Glover, Knut Bull and Taniwha: Romanticizing Colonisation

Bellerive Beach Park

10am - 12 noon, 29 March 2025

Tickets $10

Come for a guided walk through Bellerive and Kangaroo Bay as we explore the iconic locations where colonial artists like Glover and Piguenit painted their favourite views of Hobart Town, finishing at the amazing Taniwha installation on Kangaroo Bay. For generations artists have chosen this area of the eastern shore to paint Hobart and kunanyi, come along and find out why.

There’s something about the eastern shore that has attracted artists for a long time. Mostly it’s the view of Hobart but also it’s the ability to step away from the town and get an outsider’s view.

That seems to have been what John Glover was wanting to achieve with Mount Wellington and Hobart Town from Kangaroo Point. Thanks to the development of Glover’s viewpoint as a defensive battery – the Bellerive Battery – the location is still accessible and still bears some resemblance to the famous painting.

The awful irony with this painting is that Glover painted it between 1831-1833, by which time George Augustus Robinson was on his mission to ‘conciliate’ Aboriginal peoples out of their homeland; Glover’s painting, beautiful as it is, captures the pathos of that moment.

Another artist who liked painting from the eastern shore was Knut Bull, a Norwegian painter who found his way to Tasmania via a conviction for counterfeiting (the crime of choice for artists). He arrived in Tasmania in 1846 and is widely regarded as a pioneer of Australian landscape painting. Coming after the death of Glover, Bull was the only professional landscape painter in Hobart at the time. Bull, like many artists, seems to have had a fascination with kunanyi / Mount Wellington, which he captured beautifully from a vantage point on the Bellerive foreshore.

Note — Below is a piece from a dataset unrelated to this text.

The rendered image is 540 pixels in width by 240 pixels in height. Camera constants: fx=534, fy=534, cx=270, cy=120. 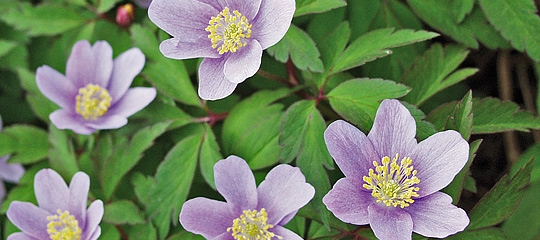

William Charles (WC) Piguenit was, unlike Bull and Glover, born in Tasmania. Like many artists of the 19th century he began his career as a draftsman, eventually retiring in 1873 to follow his avocation as a painter. Piguenit has left to posterity many views of both urban and natural scenes in Tasmania and New South Wales, in some cases paintings which capture the sublime. Piguenit’s 1910 painting View of Hobart, Mount Wellington from Kangaroo Bay captures the oft admired view with a very modern impressionist touch.

And because it’s currently Ten Days on the Island, we are lucky enough to have the amazing Taniwha Time Machine as the finishing point of our walk, connecting stories of colonized Van Diemen’s Land with memories of another colonized land, Aotearoa.